Another relationship in need of repair after the fallout of Bad Supergirl is that of Kara and Alex. There is a resentment that has been playing under the surface between the two sisters since The Pilot episode and was reiterated again in “Livewire”, wherein Kara feels undermined by Alex and unsupported, while they resolve this issue by pretending that it’s not an problem, it really is and the show knows this and now appears to be interested in examining the hurt feelings in their relationship as much as it is in showing Supergirl Kick Alien Ass!
One of the elements in the episode that has been much improved from previous episodes is the presentation of Max Lord.

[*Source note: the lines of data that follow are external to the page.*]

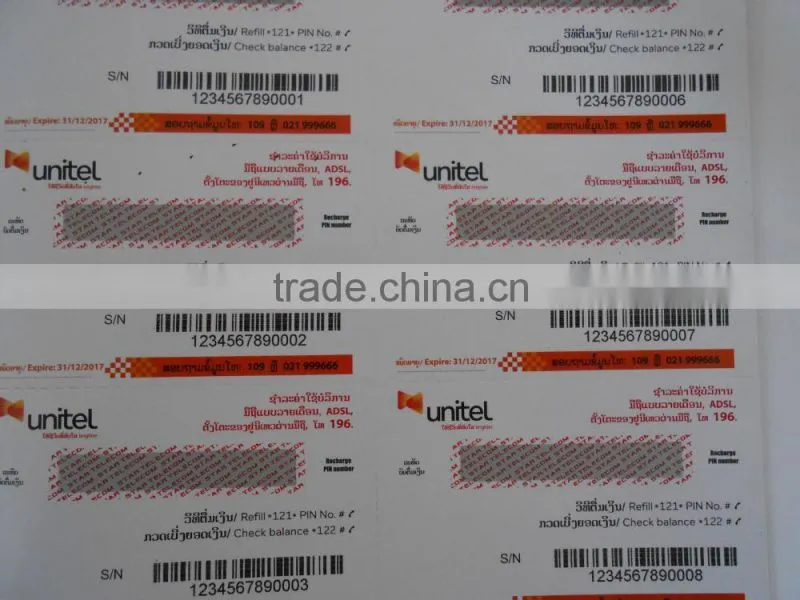 individual wrap standard card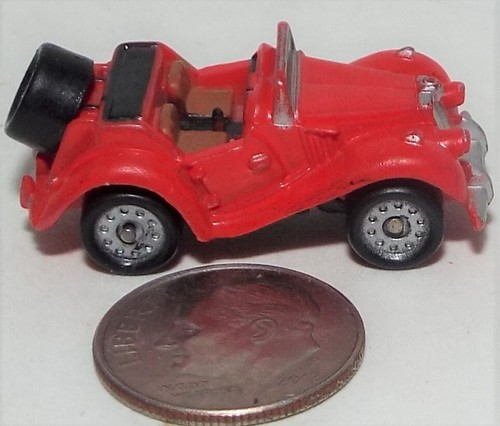 Small Micro Machine Plastic MG Sports Car in Red - Picture 2 of 3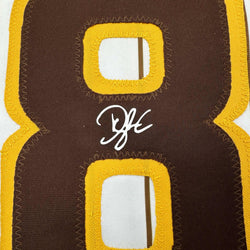 Framed Facsimile Autographed Dylan Cease 35x39 San Diego Pinstripe Reprint Laser Auto Baseball Jersey (ONLINE ORDER ONLY)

The show has positioned Lord to become a reluctant ally of Team Supergirl in recent episodes and it hasn’t been the most finessed transition but in this episode it sort of works. Lord isn’t the cartoonish villain that he usually is and although he is the creator of the Red K, his admission of guilt but without malice seems almost genuine, which is a step up from Peter Facinelli’s typical hammy take. Also it seems that Lord and his lab is the shows creative engine for more outlandish ideas, which Supergirl has been great at utilizing as of late.
With “Falling” the show presents the dark side of Kara with great performances and promising development that poises Supergirl to make amends for her actions that resulted in significant penalties to her image and relationships with her allies in another solid well-crafted episode.
Speeding Bullet Points
- The Martian Manhunter subplot is another that has been bubbling for a while now and it seems like this week it’s come to a head. Will probably have more thoughts on him next episode.
- Too bad about Siobhan and Winn’s romance. Looks like it may be short-lived thanks to Kara getting Siobhan fired. She’ll probably get her revenge, no doubt.
- So Lucy Lane quit CatCo? Does this mean we won’t see Jenna Dewan-Tatum anymore?
- “Boring people get bored.” –Kara
- What’s up with Hank getting the flirty eye from Senator Crane? Looks like Hank would’ve had the hook up, if not for that darn Red K.
- The moment when Kara was going to take off her glasses and possibly reveal her real identity on the dance floor was pretty funny because it was done so seriously.